• **WHAT IS EXPECTED**
Would you give the listing again exactly, without its images?

• **RECORDED INFORMATION**
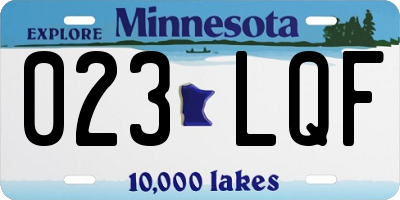 MN license plate 023LQF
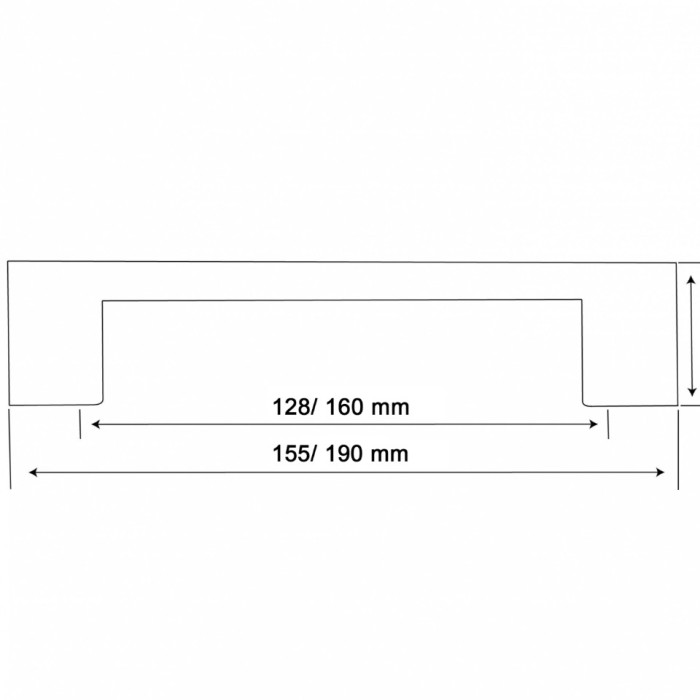 Λαβή επίπλου 413  ματ χρώμιο 192mm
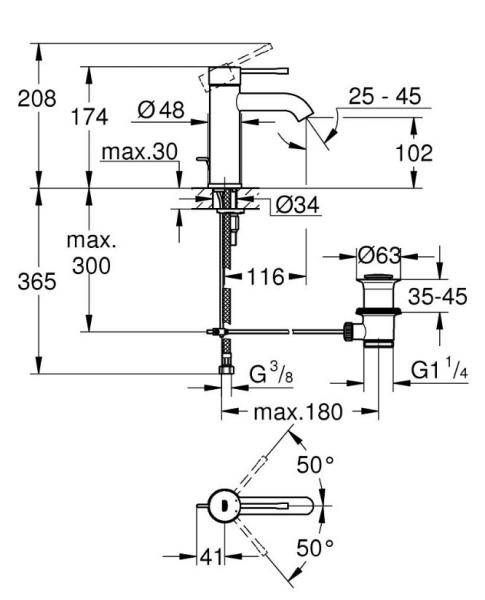 Grohe Essence & Bau håndvaskpakke - Børstet Cool Sunrise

• **RESPONSE BELOW**
 MN license plate 023LQF
 Λαβή επίπλου 413  ματ χρώμιο 192mm
 Grohe Essence & Bau håndvaskpakke - Børstet Cool Sunrise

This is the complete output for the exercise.